**Data to use**
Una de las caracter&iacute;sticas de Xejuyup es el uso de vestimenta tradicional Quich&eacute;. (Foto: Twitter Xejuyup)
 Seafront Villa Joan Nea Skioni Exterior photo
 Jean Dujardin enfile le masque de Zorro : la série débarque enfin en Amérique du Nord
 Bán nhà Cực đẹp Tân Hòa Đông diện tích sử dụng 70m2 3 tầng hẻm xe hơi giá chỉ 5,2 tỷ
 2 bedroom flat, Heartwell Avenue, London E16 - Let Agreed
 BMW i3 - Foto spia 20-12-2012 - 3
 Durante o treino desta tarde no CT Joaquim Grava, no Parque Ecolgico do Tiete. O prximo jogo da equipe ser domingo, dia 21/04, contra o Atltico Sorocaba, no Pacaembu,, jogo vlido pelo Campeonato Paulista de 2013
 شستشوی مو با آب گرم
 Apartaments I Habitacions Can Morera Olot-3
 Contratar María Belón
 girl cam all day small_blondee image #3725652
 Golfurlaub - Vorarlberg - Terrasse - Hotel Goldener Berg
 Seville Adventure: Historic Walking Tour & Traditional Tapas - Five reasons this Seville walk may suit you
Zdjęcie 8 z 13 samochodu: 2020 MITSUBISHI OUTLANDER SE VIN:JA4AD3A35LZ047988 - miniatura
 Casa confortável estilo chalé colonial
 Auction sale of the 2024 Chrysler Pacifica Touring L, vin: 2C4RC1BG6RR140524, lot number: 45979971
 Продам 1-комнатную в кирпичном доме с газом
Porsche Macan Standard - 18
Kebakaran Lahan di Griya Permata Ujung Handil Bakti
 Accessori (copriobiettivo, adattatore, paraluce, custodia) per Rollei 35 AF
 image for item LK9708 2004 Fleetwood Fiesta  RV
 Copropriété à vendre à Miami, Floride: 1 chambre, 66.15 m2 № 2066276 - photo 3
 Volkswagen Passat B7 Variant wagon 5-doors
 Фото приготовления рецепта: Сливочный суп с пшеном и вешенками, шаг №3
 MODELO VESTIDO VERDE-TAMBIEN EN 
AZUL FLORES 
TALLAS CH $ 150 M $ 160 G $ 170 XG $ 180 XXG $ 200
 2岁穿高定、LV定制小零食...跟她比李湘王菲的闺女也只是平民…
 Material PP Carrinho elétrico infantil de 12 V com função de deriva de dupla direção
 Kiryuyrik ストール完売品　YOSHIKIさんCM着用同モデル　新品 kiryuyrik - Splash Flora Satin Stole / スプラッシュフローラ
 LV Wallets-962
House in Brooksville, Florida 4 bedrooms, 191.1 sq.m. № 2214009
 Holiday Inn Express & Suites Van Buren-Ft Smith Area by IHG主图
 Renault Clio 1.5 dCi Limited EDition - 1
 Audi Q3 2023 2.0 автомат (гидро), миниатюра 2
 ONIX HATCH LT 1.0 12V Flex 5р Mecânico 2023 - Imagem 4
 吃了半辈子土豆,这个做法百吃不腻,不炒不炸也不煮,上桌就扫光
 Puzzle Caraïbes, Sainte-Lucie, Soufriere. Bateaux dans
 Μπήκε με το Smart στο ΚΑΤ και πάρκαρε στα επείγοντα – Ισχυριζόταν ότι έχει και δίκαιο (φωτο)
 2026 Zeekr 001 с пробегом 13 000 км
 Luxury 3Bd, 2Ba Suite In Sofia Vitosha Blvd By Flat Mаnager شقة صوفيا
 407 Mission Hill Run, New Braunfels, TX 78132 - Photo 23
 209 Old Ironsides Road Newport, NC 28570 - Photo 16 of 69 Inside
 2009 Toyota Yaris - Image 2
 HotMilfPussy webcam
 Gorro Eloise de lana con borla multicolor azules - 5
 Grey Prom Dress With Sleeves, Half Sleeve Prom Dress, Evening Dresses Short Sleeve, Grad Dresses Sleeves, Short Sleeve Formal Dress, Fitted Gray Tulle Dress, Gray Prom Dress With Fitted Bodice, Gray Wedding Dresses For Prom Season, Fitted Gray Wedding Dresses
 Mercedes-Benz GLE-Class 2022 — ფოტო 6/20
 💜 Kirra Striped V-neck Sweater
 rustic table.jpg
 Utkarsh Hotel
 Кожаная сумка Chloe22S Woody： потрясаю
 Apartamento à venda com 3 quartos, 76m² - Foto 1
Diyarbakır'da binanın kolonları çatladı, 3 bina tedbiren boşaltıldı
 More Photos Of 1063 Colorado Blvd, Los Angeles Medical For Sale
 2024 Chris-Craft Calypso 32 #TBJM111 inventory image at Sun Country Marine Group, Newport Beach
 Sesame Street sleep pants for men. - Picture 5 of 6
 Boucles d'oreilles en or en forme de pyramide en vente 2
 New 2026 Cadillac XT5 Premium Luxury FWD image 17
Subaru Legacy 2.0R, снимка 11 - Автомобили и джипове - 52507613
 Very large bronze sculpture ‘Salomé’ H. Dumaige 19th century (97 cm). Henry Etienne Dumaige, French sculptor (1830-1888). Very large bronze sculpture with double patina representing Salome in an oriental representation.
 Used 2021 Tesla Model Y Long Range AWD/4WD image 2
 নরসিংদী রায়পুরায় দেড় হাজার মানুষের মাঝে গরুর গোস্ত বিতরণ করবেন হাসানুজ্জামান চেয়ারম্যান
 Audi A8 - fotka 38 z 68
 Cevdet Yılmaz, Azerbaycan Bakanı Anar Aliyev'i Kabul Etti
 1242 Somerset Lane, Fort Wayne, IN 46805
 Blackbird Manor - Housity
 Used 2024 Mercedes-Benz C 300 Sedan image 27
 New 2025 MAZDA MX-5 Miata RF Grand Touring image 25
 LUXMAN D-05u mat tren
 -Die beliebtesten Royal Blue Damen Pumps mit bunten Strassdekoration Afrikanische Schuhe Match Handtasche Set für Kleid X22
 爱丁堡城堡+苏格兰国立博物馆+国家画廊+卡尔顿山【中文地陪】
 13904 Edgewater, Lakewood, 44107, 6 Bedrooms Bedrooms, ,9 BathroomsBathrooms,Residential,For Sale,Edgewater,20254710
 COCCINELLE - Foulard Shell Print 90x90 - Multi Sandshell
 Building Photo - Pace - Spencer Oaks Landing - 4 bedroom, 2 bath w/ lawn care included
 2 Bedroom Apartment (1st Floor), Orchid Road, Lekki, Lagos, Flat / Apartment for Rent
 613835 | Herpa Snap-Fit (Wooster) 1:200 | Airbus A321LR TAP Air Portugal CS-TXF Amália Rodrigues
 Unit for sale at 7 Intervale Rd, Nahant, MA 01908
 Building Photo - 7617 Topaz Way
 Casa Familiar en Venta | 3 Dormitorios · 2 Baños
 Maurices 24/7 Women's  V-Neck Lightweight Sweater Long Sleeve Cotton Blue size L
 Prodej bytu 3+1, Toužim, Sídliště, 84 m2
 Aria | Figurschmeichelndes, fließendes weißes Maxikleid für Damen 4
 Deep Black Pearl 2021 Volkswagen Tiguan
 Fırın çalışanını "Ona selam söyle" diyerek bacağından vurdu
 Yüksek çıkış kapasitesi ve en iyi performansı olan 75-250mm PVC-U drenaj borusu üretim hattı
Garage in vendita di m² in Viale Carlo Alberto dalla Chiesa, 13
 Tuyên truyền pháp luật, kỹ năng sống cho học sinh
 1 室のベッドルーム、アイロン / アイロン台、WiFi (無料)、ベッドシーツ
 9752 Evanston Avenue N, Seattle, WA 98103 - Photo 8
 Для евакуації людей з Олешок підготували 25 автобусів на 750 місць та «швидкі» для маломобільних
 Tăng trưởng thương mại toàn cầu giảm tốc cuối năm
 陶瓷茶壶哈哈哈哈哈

**Exercise aim**
Using only the listing above, restate exactly the lines from the line containing "Bán nhà Cực" through the line containing "Accessori (copriobiettivo, adattatore, paraluce, custodia)", both included.

**Exercise response**
 Bán nhà Cực đẹp Tân Hòa Đông diện tích sử dụng 70m2 3 tầng hẻm xe hơi giá chỉ 5,2 tỷ
 2 bedroom flat, Heartwell Avenue, London E16 - Let Agreed
 BMW i3 - Foto spia 20-12-2012 - 3
 Durante o treino desta tarde no CT Joaquim Grava, no Parque Ecolgico do Tiete. O prximo jogo da equipe ser domingo, dia 21/04, contra o Atltico Sorocaba, no Pacaembu,, jogo vlido pelo Campeonato Paulista de 2013
 شستشوی مو با آب گرم
 Apartaments I Habitacions Can Morera Olot-3
 Contratar María Belón
 girl cam all day small_blondee image #3725652
 Golfurlaub - Vorarlberg - Terrasse - Hotel Goldener Berg
 Seville Adventure: Historic Walking Tour & Traditional Tapas - Five reasons this Seville walk may suit you
Zdjęcie 8 z 13 samochodu: 2020 MITSUBISHI OUTLANDER SE VIN:JA4AD3A35LZ047988 - miniatura
 Casa confortável estilo chalé colonial
 Auction sale of the 2024 Chrysler Pacifica Touring L, vin: 2C4RC1BG6RR140524, lot number: 45979971
 Продам 1-комнатную в кирпичном доме с газом
Porsche Macan Standard - 18
Kebakaran Lahan di Griya Permata Ujung Handil Bakti
 Accessori (copriobiettivo, adattatore, paraluce, custodia) per Rollei 35 AF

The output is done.